À San Francisco, au coeur de la Silicon Valley, Alain Damasio met à l'épreuve sa pensée technocritique, dans l'idée de changer d'axe et de regard. Il arpente « le centre du monde » et se laisse traverser par un réel qui le bouleverse.
Composé de sept chroniques littéraires et d'une nouvelle de science-fiction inédite, Vallée du silicium déploie un essai technopoétique troué par des visions qui entrelacent fascination, nostalgie et espoir. Du siège d'Apple aux quartiers dévastés par la drogue, de rencontres en portraits, l'auteur interroge tour à tour la prolifération des IA, l'art de coder et les métavers, les voitures autonomes ou l'avenir de nos corps, pour en dégager une lecture politique de l'époque et nous faire pressentir ces vies étranges qui nous attendent.
En 2022 Alain Damasio s'est immergé un mois durant au cœur de la Silicon Valley. Son périple commence par une approche du siège social de l'une des GAFAM qui n'est pas la plus vilipendée, à savoir Apple. Et pourtant !
L'entreprise créée par Steve Jobs est en effet « celle qui a fabriqué le plus de fidèles » en créant un univers quasi mystique fondée sur un style de vie commun se distinguant du vulgaire.
Face au « Ring », nom donné au mastodonte qui héberge les 12 000 petites fourmis œuvrant pour la marque à la pomme, l'essayiste souligne la contradiction entre la coolitude affichée par la multinationale et la dépendance à laquelle il soumet ses utilisateurs (on pourrait même parler d'adorateurs).
Dans un deuxième chapitre dans lequel il développe son appétence pour la science-fiction, Alain Damasio se penche sur la voiture autonome qui, c'est l'objectif affiché,« va conforter et optimiser nos paresses » et, surtout, fournir des datas aux assureurs pour mieux fliquer les consommateurs.
L'auteur poursuit en décrivant par le menu l'enfer des contrôles effectués dans un aéroport américain.

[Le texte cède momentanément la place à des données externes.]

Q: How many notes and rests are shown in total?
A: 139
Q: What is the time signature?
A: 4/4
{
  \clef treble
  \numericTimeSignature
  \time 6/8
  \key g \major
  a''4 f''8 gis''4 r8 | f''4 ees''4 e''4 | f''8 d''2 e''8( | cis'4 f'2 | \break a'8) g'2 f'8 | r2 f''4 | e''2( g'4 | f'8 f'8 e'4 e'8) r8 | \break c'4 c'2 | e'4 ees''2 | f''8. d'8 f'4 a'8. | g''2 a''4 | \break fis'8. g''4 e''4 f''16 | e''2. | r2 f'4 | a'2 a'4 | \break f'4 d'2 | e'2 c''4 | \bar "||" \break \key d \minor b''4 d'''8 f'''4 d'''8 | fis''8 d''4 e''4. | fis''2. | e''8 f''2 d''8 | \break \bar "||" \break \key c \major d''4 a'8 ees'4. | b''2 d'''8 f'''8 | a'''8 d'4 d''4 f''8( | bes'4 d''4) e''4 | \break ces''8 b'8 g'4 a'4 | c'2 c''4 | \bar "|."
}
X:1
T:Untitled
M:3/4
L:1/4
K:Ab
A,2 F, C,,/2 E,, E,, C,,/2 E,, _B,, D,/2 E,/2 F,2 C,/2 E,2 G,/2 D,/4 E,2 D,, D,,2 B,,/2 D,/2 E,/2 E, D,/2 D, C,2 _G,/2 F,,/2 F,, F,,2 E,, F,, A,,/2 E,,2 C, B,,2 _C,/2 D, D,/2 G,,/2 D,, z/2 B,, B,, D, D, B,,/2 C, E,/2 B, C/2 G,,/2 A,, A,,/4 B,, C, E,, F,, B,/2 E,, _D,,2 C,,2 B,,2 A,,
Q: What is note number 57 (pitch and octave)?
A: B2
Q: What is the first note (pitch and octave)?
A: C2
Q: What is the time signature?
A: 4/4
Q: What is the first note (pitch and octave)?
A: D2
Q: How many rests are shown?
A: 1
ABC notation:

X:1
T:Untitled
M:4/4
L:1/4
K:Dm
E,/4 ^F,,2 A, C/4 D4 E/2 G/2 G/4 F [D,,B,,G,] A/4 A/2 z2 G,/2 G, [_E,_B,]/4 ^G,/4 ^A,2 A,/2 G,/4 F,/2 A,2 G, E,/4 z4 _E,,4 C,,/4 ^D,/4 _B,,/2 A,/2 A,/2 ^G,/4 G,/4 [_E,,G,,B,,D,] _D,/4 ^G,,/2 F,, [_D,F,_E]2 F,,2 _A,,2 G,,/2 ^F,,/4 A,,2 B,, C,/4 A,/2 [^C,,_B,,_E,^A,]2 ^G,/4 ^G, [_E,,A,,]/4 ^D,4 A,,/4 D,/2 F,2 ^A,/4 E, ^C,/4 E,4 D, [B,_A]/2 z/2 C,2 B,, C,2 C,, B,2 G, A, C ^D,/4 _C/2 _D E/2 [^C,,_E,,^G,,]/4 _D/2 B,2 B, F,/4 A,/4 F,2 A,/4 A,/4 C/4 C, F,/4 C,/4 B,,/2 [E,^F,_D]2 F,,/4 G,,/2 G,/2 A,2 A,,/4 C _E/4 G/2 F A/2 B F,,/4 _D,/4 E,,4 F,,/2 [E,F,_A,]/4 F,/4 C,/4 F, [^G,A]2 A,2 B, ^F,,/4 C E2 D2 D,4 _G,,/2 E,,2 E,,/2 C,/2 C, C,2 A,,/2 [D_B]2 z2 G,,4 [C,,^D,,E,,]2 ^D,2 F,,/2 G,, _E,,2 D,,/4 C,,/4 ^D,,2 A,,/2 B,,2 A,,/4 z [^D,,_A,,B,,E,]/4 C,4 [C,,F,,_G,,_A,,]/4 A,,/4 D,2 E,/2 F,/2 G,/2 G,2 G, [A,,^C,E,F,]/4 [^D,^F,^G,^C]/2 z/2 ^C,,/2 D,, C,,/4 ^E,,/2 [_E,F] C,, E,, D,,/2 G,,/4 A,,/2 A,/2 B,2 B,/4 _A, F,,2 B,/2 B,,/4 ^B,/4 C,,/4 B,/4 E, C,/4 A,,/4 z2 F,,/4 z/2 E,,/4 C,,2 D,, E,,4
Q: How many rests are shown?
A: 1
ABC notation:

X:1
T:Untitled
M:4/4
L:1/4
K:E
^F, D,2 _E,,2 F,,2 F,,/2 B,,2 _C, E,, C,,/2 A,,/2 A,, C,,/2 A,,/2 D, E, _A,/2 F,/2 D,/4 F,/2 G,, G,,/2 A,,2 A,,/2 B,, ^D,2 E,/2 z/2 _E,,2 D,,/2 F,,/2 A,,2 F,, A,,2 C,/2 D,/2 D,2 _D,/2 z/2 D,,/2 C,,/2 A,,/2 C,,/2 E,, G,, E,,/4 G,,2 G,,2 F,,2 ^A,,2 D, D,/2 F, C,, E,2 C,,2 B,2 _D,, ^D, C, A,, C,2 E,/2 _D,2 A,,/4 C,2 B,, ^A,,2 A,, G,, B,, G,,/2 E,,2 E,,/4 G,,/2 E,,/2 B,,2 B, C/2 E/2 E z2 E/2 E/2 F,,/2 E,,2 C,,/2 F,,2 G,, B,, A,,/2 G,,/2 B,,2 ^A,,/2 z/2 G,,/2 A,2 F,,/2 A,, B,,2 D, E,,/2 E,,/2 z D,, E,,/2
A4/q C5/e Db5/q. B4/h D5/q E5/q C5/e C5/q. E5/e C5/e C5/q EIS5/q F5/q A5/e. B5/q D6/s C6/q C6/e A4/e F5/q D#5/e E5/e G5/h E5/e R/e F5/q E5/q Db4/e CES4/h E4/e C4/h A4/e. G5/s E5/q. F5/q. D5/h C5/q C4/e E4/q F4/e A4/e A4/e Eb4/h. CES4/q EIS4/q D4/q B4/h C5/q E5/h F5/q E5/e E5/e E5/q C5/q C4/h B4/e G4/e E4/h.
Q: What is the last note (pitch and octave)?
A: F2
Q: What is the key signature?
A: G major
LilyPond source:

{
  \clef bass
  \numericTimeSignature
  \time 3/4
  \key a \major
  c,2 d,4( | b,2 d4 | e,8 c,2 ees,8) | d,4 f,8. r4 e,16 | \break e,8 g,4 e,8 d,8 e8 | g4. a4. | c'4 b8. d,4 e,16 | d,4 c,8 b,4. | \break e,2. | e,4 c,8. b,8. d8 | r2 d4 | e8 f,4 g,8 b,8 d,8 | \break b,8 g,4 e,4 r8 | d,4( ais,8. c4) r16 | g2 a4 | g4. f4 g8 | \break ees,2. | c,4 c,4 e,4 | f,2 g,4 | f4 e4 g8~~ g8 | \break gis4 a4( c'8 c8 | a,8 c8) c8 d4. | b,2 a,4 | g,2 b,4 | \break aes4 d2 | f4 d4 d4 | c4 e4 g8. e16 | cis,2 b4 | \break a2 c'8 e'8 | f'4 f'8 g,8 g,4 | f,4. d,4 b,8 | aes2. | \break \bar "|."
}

La « sacro-sainte sécurité », qui n'empêche pas les attentats et auquel nous nous soumettons sans piper mot, est selon lui conçue « pour nous dissuader gentiment de bouger ».
Quand nous regardons un film sur Netflix plutôt que de nous rendre au cinéma ou quand nous commandons un dîner sur Uber Eats plutôt que d'aller dans un restaurant, nous favorisons cette propension à l'immobilité qualifiée de « technococon ». Ce constat est flagrant dans la deuxième mégapole la plus peuplée des States où les « lieux publics sont déjà moribonds » et où la misère la plus criante côtoie la richesse la plus obscène.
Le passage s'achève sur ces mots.